Warum ist Boden gerade in Tirol ein Thema?

Im Vergleich zum Durchschnittswert der Republik Österreich ist im Bundesland Tirol ein deutlich geringerer Anteil der Landesfläche für die menschliche Besiedelung verfügbar  (sogenannter Dauersiedlungsraum). In Österreich sind im Durchschnitt 37% der Fläche potentiell besiedelbar (Umweltbundesamt 2016), in Tirol sind es hingegen nur ca. 11% (Land Tirol 2018). In Verbindung mit dem Bevölkerungswachstum im 20. Jahrhundert sowie Wirtschaftswachstum ergibt sich somit in Tirol ein besonders starker Nutzungsdruck auf die besiedelbare Fläche (und damit die Böden). Besonders betroffen sind Flächen, die der Landwirtschaft dienen und/oder naturnahe Flächen. Dies wiederum hat einen Einfluss auf den landwirtschaftlichen Selbstversorgungsgrad Tirols, also das Maß, in dem die Tiroler Bevölkerung den eigenen Bedarf an Nahrungsmitteln decken kann, sowie auf das menschliche Wohlbefinden, da naturnahe Flächen in Umgebung menschlicher Siedlungen für das Wohlbefinden wesentlich sind.

Von einer nicht-humanzentrierten Perspektive aus bedeutet ein erhöhter menschlicher Nutzungsdruck auf die Böden natürlich auch Druck auf den Lebensraum anderer Lebewesen und – bei intensiver Nutzung – Biodiversitätsverlust.

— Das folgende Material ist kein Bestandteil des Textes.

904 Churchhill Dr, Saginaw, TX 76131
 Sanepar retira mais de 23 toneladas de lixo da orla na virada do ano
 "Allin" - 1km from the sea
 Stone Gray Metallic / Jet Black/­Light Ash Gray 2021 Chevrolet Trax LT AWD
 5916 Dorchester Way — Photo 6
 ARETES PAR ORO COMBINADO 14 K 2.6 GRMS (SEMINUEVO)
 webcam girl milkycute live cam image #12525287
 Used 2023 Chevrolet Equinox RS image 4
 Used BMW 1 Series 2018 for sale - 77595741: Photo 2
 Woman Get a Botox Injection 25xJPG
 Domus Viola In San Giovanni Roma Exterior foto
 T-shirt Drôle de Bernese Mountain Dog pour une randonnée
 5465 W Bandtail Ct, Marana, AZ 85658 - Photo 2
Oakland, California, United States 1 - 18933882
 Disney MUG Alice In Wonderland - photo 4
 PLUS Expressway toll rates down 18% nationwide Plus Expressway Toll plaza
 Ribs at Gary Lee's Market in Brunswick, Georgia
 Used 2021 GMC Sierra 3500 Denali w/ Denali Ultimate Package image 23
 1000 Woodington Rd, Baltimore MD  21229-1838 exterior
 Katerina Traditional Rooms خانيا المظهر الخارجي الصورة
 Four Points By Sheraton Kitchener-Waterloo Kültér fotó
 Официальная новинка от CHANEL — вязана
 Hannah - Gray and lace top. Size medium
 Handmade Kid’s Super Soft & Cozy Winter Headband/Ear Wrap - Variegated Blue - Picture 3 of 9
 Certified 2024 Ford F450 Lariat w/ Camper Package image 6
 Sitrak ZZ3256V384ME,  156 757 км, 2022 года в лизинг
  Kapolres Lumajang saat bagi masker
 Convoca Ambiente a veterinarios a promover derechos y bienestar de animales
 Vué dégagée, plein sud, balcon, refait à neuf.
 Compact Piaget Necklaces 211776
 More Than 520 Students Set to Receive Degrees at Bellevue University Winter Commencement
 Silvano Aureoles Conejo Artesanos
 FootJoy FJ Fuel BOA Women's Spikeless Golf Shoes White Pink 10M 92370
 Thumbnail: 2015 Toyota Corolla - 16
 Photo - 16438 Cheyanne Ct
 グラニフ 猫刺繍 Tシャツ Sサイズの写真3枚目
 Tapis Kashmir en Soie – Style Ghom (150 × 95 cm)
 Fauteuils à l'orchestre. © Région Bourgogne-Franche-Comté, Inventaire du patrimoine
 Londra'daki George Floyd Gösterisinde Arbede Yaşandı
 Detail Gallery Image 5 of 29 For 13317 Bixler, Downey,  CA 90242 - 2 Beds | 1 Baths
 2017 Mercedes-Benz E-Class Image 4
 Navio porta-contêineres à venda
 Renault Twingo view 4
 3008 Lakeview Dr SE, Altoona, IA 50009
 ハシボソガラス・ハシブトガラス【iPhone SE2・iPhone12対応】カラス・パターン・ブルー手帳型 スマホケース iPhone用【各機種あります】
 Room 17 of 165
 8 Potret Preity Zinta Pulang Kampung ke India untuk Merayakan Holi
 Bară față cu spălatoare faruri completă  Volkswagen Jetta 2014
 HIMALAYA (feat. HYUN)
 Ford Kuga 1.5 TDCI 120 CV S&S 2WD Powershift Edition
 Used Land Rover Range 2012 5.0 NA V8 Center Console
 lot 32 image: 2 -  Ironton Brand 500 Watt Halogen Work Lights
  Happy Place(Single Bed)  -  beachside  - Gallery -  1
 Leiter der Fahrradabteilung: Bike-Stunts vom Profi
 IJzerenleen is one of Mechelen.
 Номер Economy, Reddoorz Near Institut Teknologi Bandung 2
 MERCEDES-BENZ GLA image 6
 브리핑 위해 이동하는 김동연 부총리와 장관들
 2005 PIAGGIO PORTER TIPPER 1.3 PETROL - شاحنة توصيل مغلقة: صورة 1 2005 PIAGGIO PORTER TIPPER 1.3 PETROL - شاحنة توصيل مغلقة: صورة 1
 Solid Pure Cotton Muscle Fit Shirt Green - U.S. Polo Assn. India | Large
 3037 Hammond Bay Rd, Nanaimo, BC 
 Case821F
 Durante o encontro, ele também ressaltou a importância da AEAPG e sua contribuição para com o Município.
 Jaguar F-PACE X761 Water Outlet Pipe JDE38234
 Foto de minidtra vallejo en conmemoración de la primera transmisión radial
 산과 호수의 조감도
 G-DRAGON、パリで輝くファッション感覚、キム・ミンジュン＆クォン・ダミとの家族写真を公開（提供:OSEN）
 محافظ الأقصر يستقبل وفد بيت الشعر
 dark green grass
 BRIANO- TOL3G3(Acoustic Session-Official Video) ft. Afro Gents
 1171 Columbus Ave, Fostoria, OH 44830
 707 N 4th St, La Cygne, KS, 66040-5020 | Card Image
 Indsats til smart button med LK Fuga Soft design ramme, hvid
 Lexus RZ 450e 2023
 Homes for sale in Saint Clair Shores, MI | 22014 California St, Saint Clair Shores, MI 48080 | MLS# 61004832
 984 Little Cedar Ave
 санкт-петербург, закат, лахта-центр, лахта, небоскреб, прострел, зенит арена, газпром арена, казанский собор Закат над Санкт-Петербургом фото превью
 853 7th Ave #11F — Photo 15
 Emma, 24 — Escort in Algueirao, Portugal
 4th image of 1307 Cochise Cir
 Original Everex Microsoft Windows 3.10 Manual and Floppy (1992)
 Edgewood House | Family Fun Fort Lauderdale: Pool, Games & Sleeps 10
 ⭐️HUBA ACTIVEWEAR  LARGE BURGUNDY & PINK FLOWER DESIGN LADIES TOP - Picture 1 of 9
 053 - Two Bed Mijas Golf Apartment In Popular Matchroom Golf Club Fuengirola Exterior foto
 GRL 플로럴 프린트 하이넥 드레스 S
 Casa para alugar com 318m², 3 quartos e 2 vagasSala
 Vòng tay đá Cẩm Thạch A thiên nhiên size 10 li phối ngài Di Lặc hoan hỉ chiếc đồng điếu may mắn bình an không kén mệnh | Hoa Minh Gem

Daten der menschlichen Bautätigkeit in Tirol, über die letzten Jahrzehnte hinweg, sind teilweise schwierig zu vergleichen, daher wird als Indikator für den oben beschriebenen Nutzungsdruck auf Flächen/Böden im Dauersiedlungsraum, bzw. die Versiegelung von Böden, die Veränderung der landwirtschaftlich genutzten Flächen herangezogen (siehe Tabelle Landnutzung Tirol).

Tabelle Landnutzung Tirol

Tabelle Landnutzung Tirol
© Land Tirol, Abteilung Statistik (2018)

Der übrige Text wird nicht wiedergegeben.